Mme North affirme qu’il est important que les suspects soient arrêtés, car ils pourraient constituer un risque sérieux pour le public.

Mais elle se demande où est le même sentiment d’urgence lorsqu’une femme ou une fille autochtone ne peut être retrouvée.

Mme North rappelle le cas de Jennifer Catcheway, en 2008. Elle a été vue pour la dernière fois à Portage la Prairie, au Manitoba, le soir de son 18e anniversaire. Lorsque Wilfred et Bernice Catcheway ont déclaré à la police que leur fille était disparue, on leur a dit qu’elle était probablement en train de faire la fête, raconte Mme North.

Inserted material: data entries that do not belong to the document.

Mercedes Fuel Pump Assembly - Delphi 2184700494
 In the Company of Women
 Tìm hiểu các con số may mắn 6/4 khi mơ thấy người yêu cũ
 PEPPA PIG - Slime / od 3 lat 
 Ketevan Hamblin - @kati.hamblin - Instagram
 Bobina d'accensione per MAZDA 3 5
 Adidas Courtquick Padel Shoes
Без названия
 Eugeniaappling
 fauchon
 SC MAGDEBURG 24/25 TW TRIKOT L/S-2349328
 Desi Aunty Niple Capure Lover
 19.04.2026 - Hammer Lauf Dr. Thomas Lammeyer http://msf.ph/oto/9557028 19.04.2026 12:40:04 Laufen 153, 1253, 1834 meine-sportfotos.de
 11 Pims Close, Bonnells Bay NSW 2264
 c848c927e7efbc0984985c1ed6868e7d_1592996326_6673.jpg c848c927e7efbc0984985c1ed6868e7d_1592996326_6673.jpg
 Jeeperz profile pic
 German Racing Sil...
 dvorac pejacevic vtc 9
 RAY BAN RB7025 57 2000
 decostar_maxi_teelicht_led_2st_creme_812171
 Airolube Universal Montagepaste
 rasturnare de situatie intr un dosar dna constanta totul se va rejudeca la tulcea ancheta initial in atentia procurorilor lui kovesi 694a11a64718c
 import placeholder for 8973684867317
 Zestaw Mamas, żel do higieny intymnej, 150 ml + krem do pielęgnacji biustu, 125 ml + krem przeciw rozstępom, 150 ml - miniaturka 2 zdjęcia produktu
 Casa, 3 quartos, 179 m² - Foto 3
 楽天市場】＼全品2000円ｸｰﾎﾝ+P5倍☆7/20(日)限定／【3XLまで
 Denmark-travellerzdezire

Pendant plus d’une décennie, les Catcheway ont effectué leurs propres recherches des rivières, des lacs, des forêts et des Premières Nations à proximité.

Mme North ajoute qu’elle se souvient également de sa grand-mère âgée de 51 ans, Mildred Flett, qui avait été vue pour la dernière fois à Winnipeg en 2010. Son ex-mari a raconté qu’il avait été difficile d’intéresser la police à son cas.

Mme Flett était originaire de la Nation crie Testaskweyak de Split Lake, au Manitoba, où l’on peut encore voir des affiches sur sa disparition. Bryer Schmegelsky et Kam McLeod ont été repérés dans la même communauté avant la découverte du véhicule dans lequel ils se trouvaient à proximité de Gillam, ce qui a amené la police à concentrer ses recherches dans cette région.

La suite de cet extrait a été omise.